YouTube is probably the greatest anthropological project ever launched. It has managed to expose the multitudes of the human condition more than any other medium ever created, and allowed people to express themselves in more diverse ways than at any point in history. This weekly column is an outlet for me to share with you some undiscovered gems, as well some very well-trodden gems, and discuss just what it is that makes the chosen accounts so intriguing.
WHO: Where's My Challenge
WHAT: Bunch of absolute lads doing deplorable things to themselves
HOW MANY SUBSCRIBERS AT TIME OF WRITING: 1,026,583
WHY SHOULD I CARE: I don't know what kind of people you hung out with at school, but there's a chance you were part of a crew like this if you're a bit of a provincial bod. A bunch of guys getting together, looking in the cupboards of their mum's house, finding the garlic salt and eating the lot of it. Snorting pepper. Tabasco eye drops. The kids who will finger a dog shit for sweet money. 'What happened to those guys?' you sometimes wonder. Well, I'm here to tell you: they aged slightly and now upload videos of themselves doing all that stuff.

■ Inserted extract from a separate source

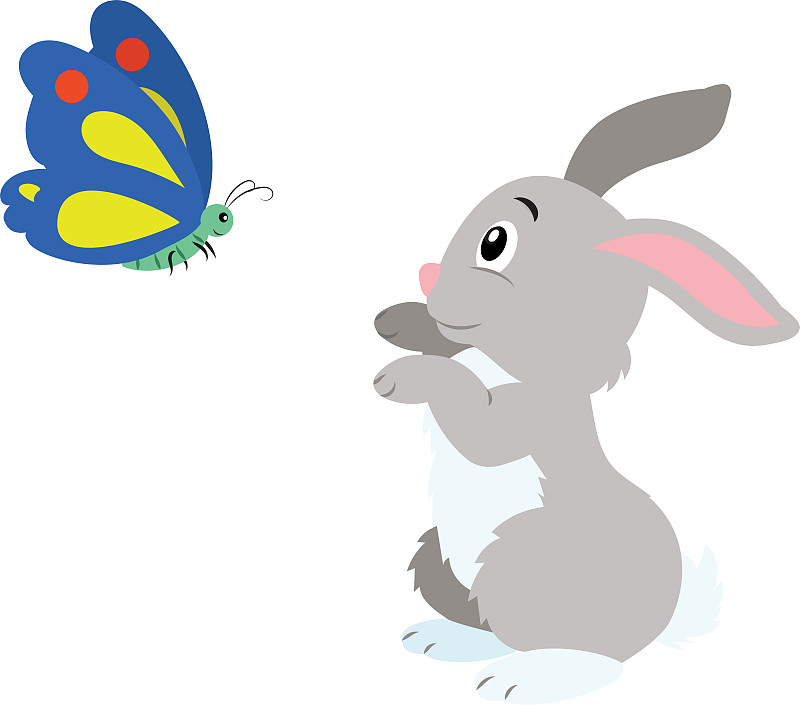 卡通兔子正在和一只蝴蝶玩插畫圖片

Where's My Challenge is kind of like the British equivalent of American gross-out mainstay Wreckless Eating. It's four young men in their twenties who hang out in one of their houses (or mum's houses, it's unclear which) and pit themselves against food, drink, hot sauce, peppers, blood, pain and other assorted disgusting and upsetting things. Why? For the banter, of course. But also for the views.
The lads have just surpassed a million subscribers. This is the holy grail on YouTube; it's the sign that you're ready to join the upper echelons. Before you know it you'll be rubbing shoulders with the YouTube elite, like Pewds and Smosh and The Fine Bros. The big dogs. It also means that you're ready to make some decent money from it. You'll be catching the eye of advertisers and brands who will want you to make them bespoke videos. Sure deodorant asking you to spray it on your tongue, stuff like that. They're on their way, these kids, and I'm happy for them.
The thing is, the Where's My Challenge crew are just a bunch of nice guys. They're slightly nerdy, poorly dressed, sweet natured English boys. The Inbetweeners come to life. They're the type to call things "gay", only to be mortified when someone gently tells them it's not on. For a load of geezers who try to drink 18 Coronas in one sitting and consume edible cow blood in hotel rooms, they're surprisingly endearing.
Their Yank counterparts, the aforementioned Wreckless Eating, are less so. Their outfit is a little more coarse, their characters less palatable. One member in particular, Chris Collins, is a crude, crass, portly, aggressive dolt who posts racist memes on Instagram. The whole operation is just a bit more fratboy-esque. It's more like Jackass, but not even remotely as funny, and the people involved nowhere near as lovable.
That's why Where's My Challenge is better. They're not punch-down types like the Americans are. It's almost as if they're contained in their own microcosm, like they don't leave the house unless it's to buy more dried out bugs to eat from the local fishing shop. All they do is vomit out gummy bears and film it.
Their personality types lend themselves to the popularity, too. You always watched and coaxed your peers at school into doing this stuff, but sometimes it would have a slightly sinister edge to it. There's goading your mates on who are doing it to make you laugh, then there's prodding the lame kids who are desperate for acceptance. Where's My Challenge certainly falls into the former category, especially as the guys have each other as the coaxers and goaders, and not exterior influences (though they do take suggestions in comments).
What is there to say about four young men debasing themselves on camera other than it makes for great viewing? Well, as we've garnered from the Americans, it takes a little bit of nuance to be watchable. A friendliness – a sweetness, even. If I'm going to sit and watch nine minutes of some blokes vomiting into a bin after imbibing a gallon of hot sauce, I want to feel like I could have some small talk with them after they brush their teeth.